One of ATDC’s biggest roles is that of a connector – connecting its startups with mentors, connecting entrepreneurs with other entrepreneurs to create a sense of community, connecting teams with resources, and connecting startups with major industry players for critical funding and customers.

“If [our startups] need access to talent, access to intellectual property or access maybe to professors, board members or chief science officers,” Bonnett says, “we are actively doing matchmaking there – going into the university, finding the right people, making introductions and trying to make things happen.”

And those connections are critical, says Martin. “Without ATDC, I can tell you that there is no way that we would be where we are today. Literally half of my customers I can trace back to introductions that were made through ATDC.”

Going Deeper

The numbers look great for ATDC. Its companies are attracting record-breaking capital funding. Its programs are near capacity. But it’s not all about the numbers to Bonnett. It’s about their impact.
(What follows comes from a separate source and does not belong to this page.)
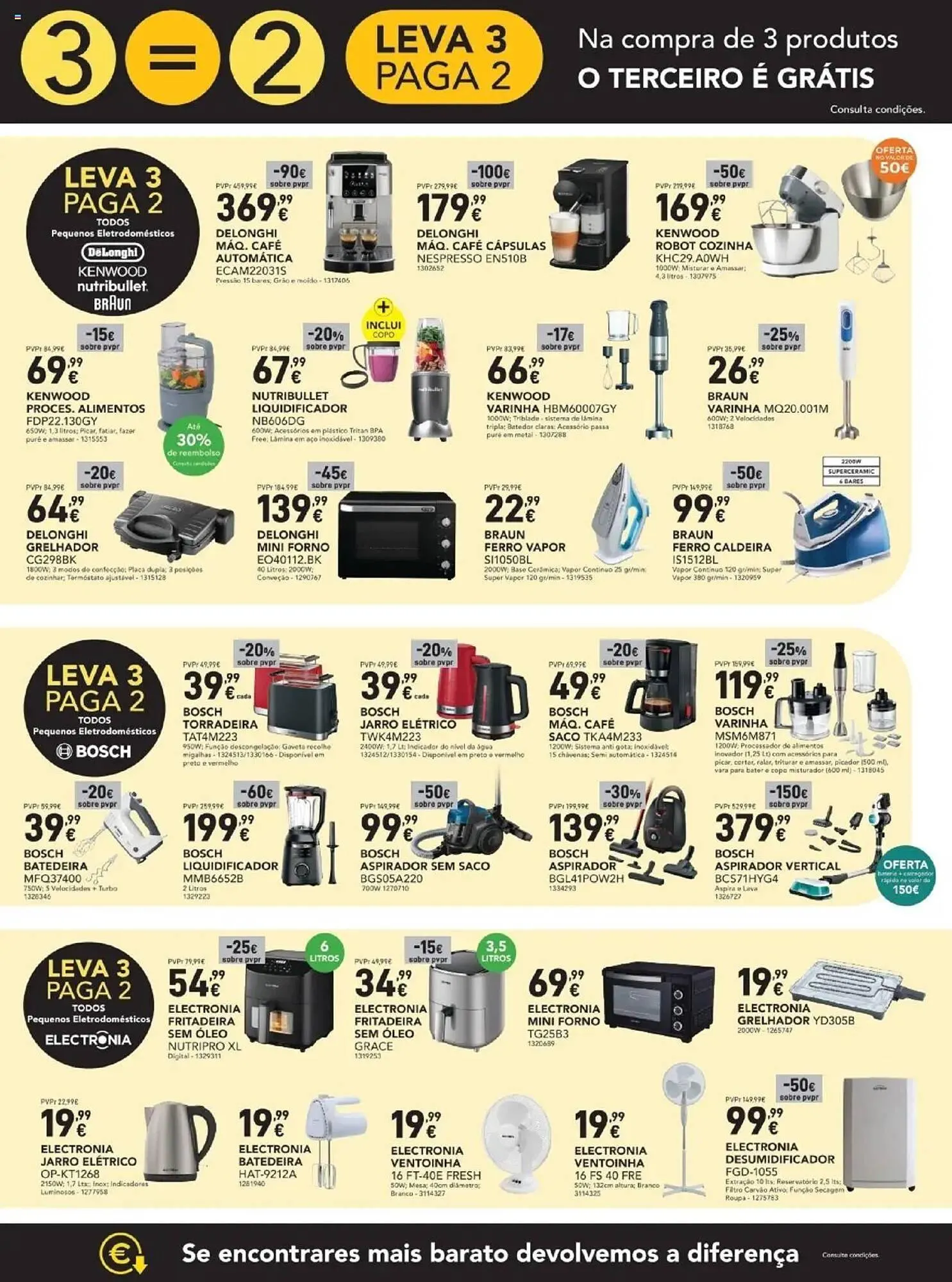 Folheto Folheto Radio Popular de 6 de maio até 20 de maio 2025 - Pagina 4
“What I want to make sure is that we’re having a meaningful impact,” she says. “Can we go deeper? Can we make more introductions? Can we make sure that those introductions are meaningful?”

In her two and a half years serving as general manager, Bonnett and her team have taken a critical eye to the center’s programs and how to best implement them. They have focused on building community at ATDC by hosting programs and events to create a culture for its CEOs.

They’ve also invested in their entrepreneurs in residence, making sure they have the best team mentoring their startups.

“We’ve been really focused to make sure that we’re upping the caliber of those people, because that’s what really attracts the entrepreneurs into the program,” she says. “They know that they’re going to get coaching from top-notch talent.”

In all, 2016 was a year of implementation, she says, and 2017 was about momentum.

What about 2018?

“It’s more about expanding the current programs and going deeper than growing the programs,” she says.

“It won’t be more companies. It will be bigger companies.”